Rasulullah SAW adalah suri teladan. Bukan hanya teladan utama dari sisi
perilakunya, namun juga dari tata cara ibadahnya. Karena itu, tidak akan
tersesat jika ibadah kita dilakukan seperti Rasulullah beribadah. Bukan
hanya pada tata cara sholat, namun tata cara ibadah lain pun kita harus
merujuk pada apa yang dilakukan Rasulullah SAW.
Bagaimana
Rasulullah melewati Bulan Suci Ramadhan? Menurut ulama asal bandung, KH
Miftah Faridl, menjelang bulan Ramadhan, Rasulullah SAW senantiasa
mengumpulkan para sahabatnya. Rasul kemudian menyampaikan kepada mereka
hikmah dan keutamaan Ramadhan dan puasa yang dilakukan umat Islam. Jadi
lewat hal yang selalu berulang setiap tahun ini, rasul memberikan
pembelajaran dan pemahaman ilmu dan mental kepada para sahabatnya.
Apa
yang dilakukan Rasulullah SAW kepada para sahabatnya memiliki makna
betapa pentingnya mempersiapkan diri dengan ilmu dan mental dalam
menghadapi bulan penuh hikmah ini.
Pakar hadis KH Ali Mustafa Yakub MA mengingatkan pentingnya
meniru cara Rasul SAW melewati bukan suci Ramadhan, agar kemurnian
ajarannya tetap terjaga. "Jangan melakukan hal-hal yang tidak sesuai
dengan ajaran rasul dan jangan terjebak pada hadis palsu yang merusak
ibadah puasa kita,'' ingatnya.
Salah satu hal yang dinilai tidak
sesuai dengan ajaran Rasulullah SAW, menurut Imam Besar Masjid Istiqlal
ini, adalah dengan membagi bulan Ramadhan menjadi tiga fase.
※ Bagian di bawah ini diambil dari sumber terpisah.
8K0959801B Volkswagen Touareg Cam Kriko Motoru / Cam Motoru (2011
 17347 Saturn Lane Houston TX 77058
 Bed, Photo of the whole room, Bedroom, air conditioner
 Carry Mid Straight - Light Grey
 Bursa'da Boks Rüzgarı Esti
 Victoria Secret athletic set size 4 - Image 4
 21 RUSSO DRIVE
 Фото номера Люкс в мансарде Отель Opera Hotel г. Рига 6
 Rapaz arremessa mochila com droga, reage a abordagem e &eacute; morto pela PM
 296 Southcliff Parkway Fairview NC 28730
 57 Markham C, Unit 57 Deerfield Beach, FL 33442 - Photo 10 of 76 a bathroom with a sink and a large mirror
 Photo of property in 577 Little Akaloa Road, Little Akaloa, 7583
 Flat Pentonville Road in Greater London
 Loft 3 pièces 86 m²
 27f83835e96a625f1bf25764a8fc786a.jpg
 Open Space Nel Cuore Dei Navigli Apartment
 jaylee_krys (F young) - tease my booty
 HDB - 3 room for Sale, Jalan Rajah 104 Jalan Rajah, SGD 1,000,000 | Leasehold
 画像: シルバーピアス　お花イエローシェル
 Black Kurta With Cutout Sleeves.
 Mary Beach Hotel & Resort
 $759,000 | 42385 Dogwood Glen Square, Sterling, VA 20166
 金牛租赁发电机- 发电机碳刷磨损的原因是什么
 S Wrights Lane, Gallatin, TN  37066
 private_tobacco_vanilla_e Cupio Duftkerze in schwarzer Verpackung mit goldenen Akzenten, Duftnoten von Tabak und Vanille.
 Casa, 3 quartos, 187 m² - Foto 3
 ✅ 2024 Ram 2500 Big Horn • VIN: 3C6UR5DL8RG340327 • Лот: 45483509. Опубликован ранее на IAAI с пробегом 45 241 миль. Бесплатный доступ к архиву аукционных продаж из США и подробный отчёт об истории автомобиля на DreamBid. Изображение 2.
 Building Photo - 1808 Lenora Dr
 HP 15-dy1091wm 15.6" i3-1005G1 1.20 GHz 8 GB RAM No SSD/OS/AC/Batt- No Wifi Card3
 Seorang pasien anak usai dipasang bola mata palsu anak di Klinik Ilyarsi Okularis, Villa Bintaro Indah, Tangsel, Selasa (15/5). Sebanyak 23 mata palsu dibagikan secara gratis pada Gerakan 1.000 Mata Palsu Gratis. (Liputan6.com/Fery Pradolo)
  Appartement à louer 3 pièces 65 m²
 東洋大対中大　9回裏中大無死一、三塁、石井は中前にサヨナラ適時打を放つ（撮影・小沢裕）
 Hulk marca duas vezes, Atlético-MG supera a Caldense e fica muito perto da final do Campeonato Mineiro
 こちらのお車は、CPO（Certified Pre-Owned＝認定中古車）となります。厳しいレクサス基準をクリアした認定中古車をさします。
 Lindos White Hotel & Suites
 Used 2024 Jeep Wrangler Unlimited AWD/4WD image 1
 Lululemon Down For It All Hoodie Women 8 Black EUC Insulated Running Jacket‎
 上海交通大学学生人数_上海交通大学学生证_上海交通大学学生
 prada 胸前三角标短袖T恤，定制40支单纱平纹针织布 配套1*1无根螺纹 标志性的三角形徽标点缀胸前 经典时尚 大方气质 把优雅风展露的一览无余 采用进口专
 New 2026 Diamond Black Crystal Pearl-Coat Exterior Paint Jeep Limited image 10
Menurutnya,
tidak ada hadis shahih yang menyatakan Ramadhan terbagi tiga menjadi
sepuluh hari pertama, sepuluh hari kedua, dan sepuluh hari ketiga.
Kalaupun
ada, katanya, berdasarkan hadis riwayat Bukhari yang dikisahkan Siti
Aisyah RA, Rasulullah membagi Ramadhan menjadi dua fase. Yaitu dua puluh
hari pertama dan sepuluh hari terakhir, dimana Rasulullah SAW
menggenjot tingkat ibadahnya menjelang penghabisan bulan mulia ini.
Menurut
KH Ali Mustafa Yaqub, ibadah rasul di dua puluh hari pertama, dilakukan
secara intensif. Pada sepuluh hari terakhir, Rasulullah akan "tancap
gas" dalam beribadah. ''Apa yang ditunjukkan Rasulullah ini berbeda
dengan apa yang dilakukan kebanyakan orang Indonesia yang justru
semangat di awal tapi melempem di akhir Ramadhan,'' katanya.
Senada
dengan Ali, Miftah Faridl yang merupakan Ketua MUI Kota Bandung ini
meminta masyarakat agar tidak terpengaruh terhadap konsep pemilahan ini.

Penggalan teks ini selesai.